Material for this task:
-- Opening Marker --

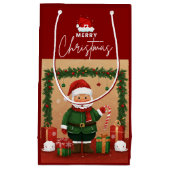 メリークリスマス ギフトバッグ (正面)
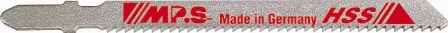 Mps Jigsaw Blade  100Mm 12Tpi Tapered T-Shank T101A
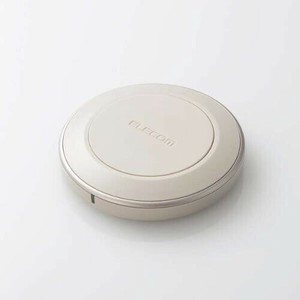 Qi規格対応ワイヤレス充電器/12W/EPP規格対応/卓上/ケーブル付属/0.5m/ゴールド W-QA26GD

-- Closing Marker --
-- Opening Marker --

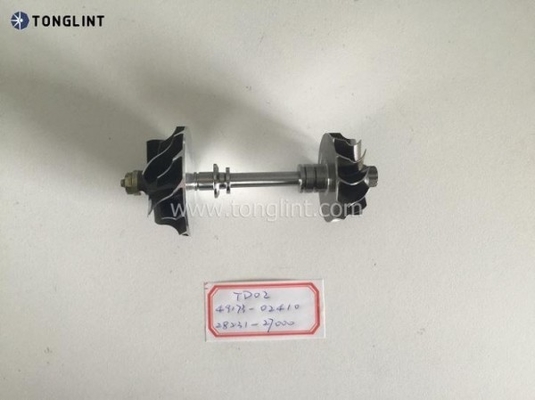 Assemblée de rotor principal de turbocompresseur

-- Closing Marker --
-- Opening Marker --

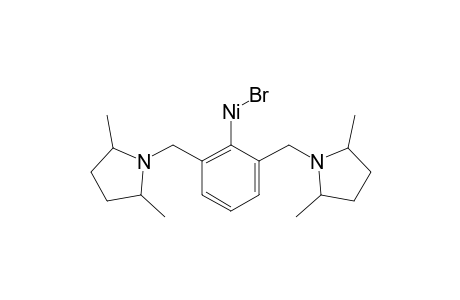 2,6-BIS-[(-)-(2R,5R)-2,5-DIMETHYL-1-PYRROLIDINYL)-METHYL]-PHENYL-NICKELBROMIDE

-- Closing Marker --

What you will do:
The lines above starting at the one that holds "Mps Jigsaw Blade" and ending at the one that holds "Qi規格対応ワイヤレス充電器" are to be written out exactly, ends included, and no pictures are to be copied.

Exercise response:
 Mps Jigsaw Blade  100Mm 12Tpi Tapered T-Shank T101A
 Qi規格対応ワイヤレス充電器/12W/EPP規格対応/卓上/ケーブル付属/0.5m/ゴールド W-QA26GD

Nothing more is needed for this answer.